A roundtable discussion with Congressional scholar and Distinguished University Professor Richard F. Fenno, Jr., will open a conference devoted to new perspectives on the study of race and political representation May 2 to 4 at the University of Rochester.

Sponsored by the Center for the Study of African-American Politics, the discussion of Fenno's latest book, Going Home: Black Representatives and Their Constituents, gathers experts on African-American politicians to delve into the book's detailed portraits and analyses. The discussion begins at 3 p.m. Friday, May 2, in the Great Hall of Rush Rhees Library on the University of Rochester's River Campus. The event is free and open to the pubic.

One of the nation's most respected scholars of Congress, Fenno is William J. Kenan Professor of Political Science at Rochester. He has written more than a dozen books about Congress and the American system of government.

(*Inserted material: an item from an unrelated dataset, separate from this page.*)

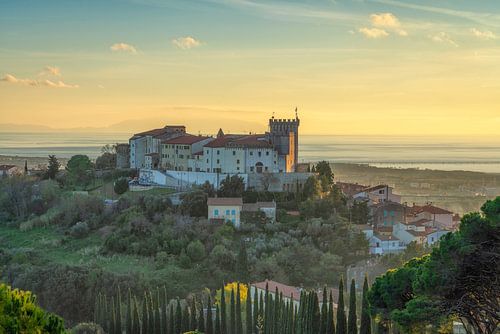 Bovenaanzicht van Rosignano Marittimo, Toscane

Three panelists who have researched and lectured on topics central to power in the black community, its political representatives, and other aspects of African-American politicians will join him. David T. Canon, professor of political science at the University of Wisconsin at Madison, is the author of Race, Redistricting, and Representation (University of Chicago Press, 1999) and the winner of the Richard Fenno Award given annually for the best book on legislative politics by the American Political Science Association.

Known for her highly acclaimed book, Black Faces, Black Interests: The Representation of African Americans in Congress, Carol M. Swain is professor of law and of political science at Vanderbilt University. Black Faces, Black Interests (Harvard University Press, 1994) received the Woodrow Wilson prize for the best book of the year published in the United States on government, politics, or international affairs.

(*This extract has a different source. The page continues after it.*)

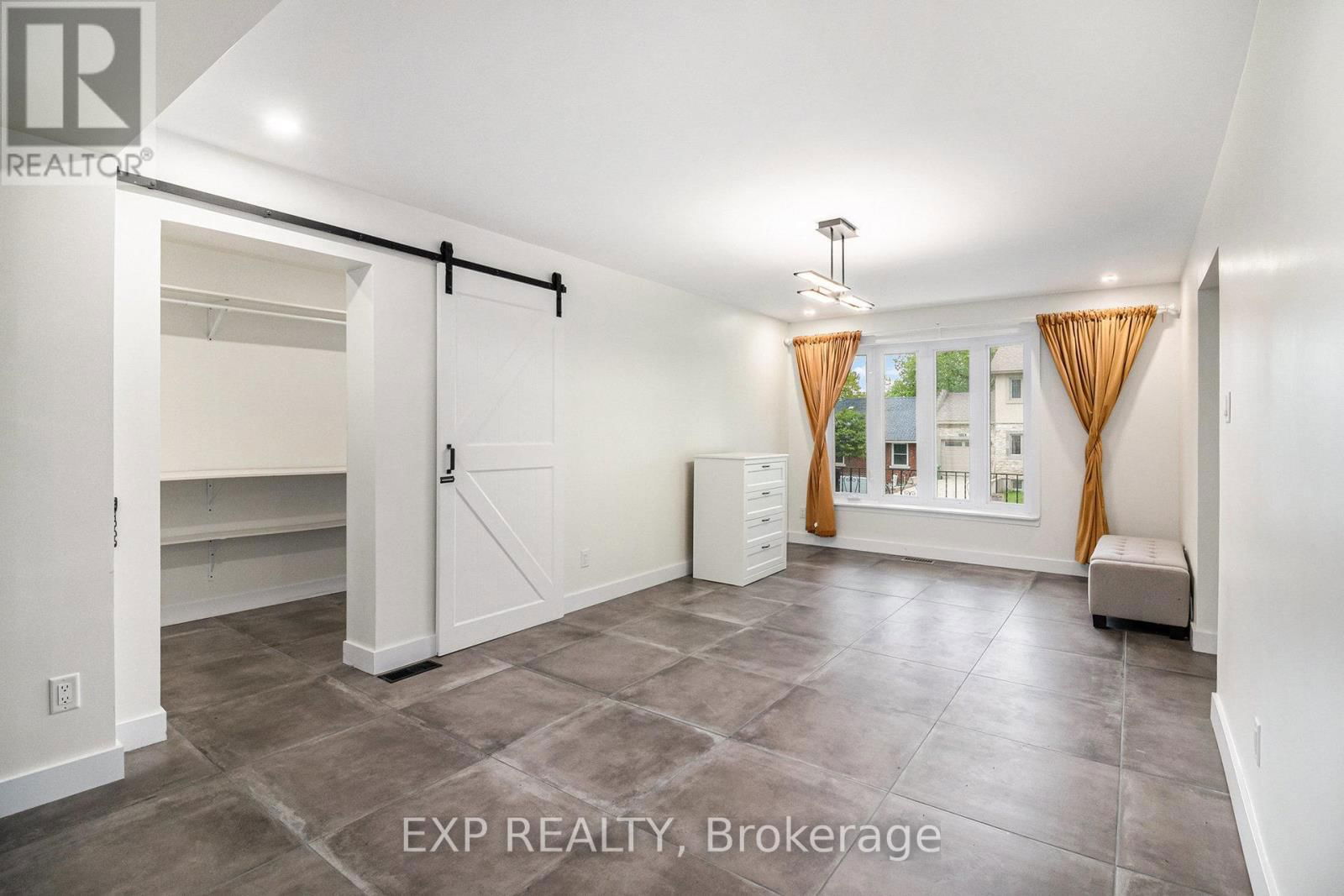 2195 NIAGARA DRIVE Image 18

William E. Nelson, professor of political science and research professor of African-American and African Studies at Ohio State University, has focused his research and teaching on black politics and public policy, among other specialties. He is the author of Black Atlantic Politics: Dilemmas of Political Empowerment in Boston and Liverpool (State University of New York Press, 2000), which received the Best Book Award by the Race, Ethnicity, and Politics Section of the American Political Science Association. He has served as president of the National Conference of Black Political Scientists, president of the African Heritage Studies Association, and has held leadership roles in other national groups.

Valeria Sinclair-Chapman, assistant professor of political science, will be moderator of the discussion. This spring's conference has been organized by Sinclair-Chapman and Fredrick C. Harris, associate professor of political science and director of the Center for the Study of African-American Politics at the University of Rochester.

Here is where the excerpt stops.